» **INFORMATION SUPPLIED**
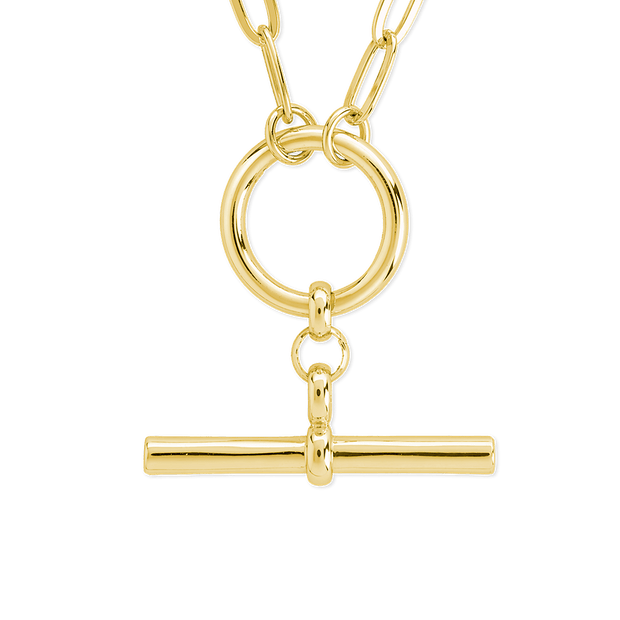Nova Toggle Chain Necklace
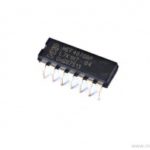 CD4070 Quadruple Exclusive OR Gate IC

...

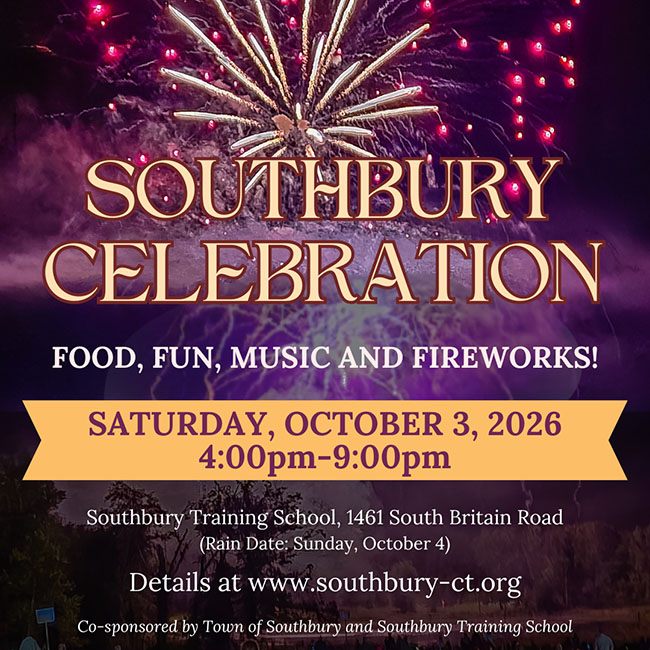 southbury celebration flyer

* * *

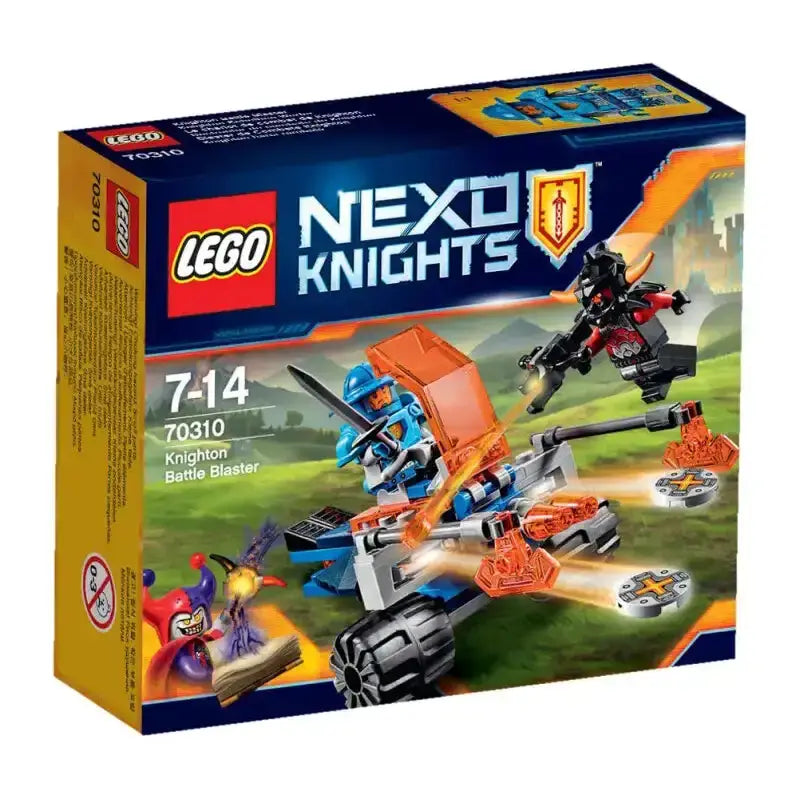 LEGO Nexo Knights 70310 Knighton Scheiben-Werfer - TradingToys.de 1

» **TASK STATEMENT**
Look above for the line containing "Nova Toggle Chain Necklace", then write out every line from there down to the line containing "CD4070 Quadruple Exclusive OR Gate IC", that line included, with no pictures.

» **OUTPUT FOR THIS TASK**
Nova Toggle Chain Necklace
 CD4070 Quadruple Exclusive OR Gate IC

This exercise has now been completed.